What issue are you seeing?
When using Codex as a supervising agent and delegating implementation/testing to an external CLI worker (OpenCode with DeepSeek), commands launched through the Codex exec/harness were unreliable in ways that did not reproduce in a normal terminal.
The concrete pattern:
-
The user could run this manually without issue:
opencode run -m deepseek/deepseek-v4-pro 'Read tests/test_telegram_notify.py, then reply with the number of test functions only. Do not edit files.'
It completed and returned the expected answer.
-
Similar OpenCode/DeepSeek runs launched through Codex/tmux/exec were unreliable: broad prompts stalled, behavior was hard to diagnose from the harness, and sandboxed/executed variants appeared to have trouble with OpenCode's normal home-directory state/lock/database files.
-
The likely failure surface was not DeepSeek or OpenCode itself. The same model/tool worked outside the Codex harness. The problem was the mismatch between Codex's sandbox/exec/harness environment and a normal host terminal when supervising an external agent CLI that maintains its own state.
-
The result was misleading for a supervisor workflow: Codex could not confidently tell whether the worker was actually blocked, sandboxed, waiting, or simply behaving differently under the harness.

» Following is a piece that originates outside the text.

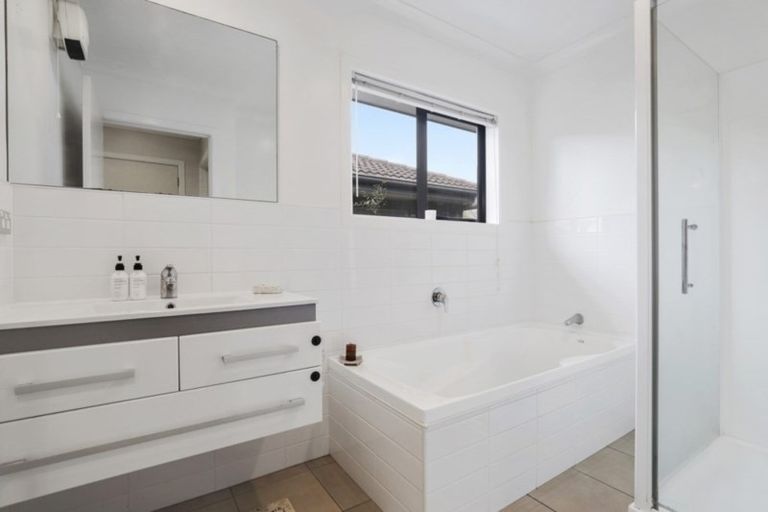 Photo of property in 36 Barrington Drive, Huntington, Hamilton, 3210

Expected supervisor workflow:
- Codex reads and plans.
- Codex starts a tmux pane running an external worker CLI such as OpenCode/DeepSeek.
- Worker edits/tests.
- Codex reviews diffs and runs final verification.
That workflow works manually on the same machine, but was unreliable when Codex launched/managed the external CLI.
What steps can reproduce the bug?
Uploaded thread: 019e49fc-70cc-7632-b042-68686cbb5289
-
On macOS, from a repo workspace, ask Codex to supervise implementation while delegating coding/testing to an external CLI worker in tmux, e.g. OpenCode with DeepSeek.
-
Have Codex launch a worker command such as:
opencode run -m deepseek/deepseek-v4-pro ''
or run it inside a tmux pane from Codex.
-
Observe that the worker can stall or behave unreliably from the Codex-managed execution path. The same tool/model can work normally from Terminal.
-
In a normal Terminal, run a minimal smoke test:
opencode run -m deepseek/deepseek-v4-pro 'Read tests/test_telegram_notify.py, then reply with the number of test functions only. Do not edit files.'
In my case this completed successfully and returned the expected result.
-
Compare that with the Codex-supervised/harness-launched run. Codex had difficulty determining whether the worker was blocked due to sandbox permissions, external CLI state files, model behavior, or harness management.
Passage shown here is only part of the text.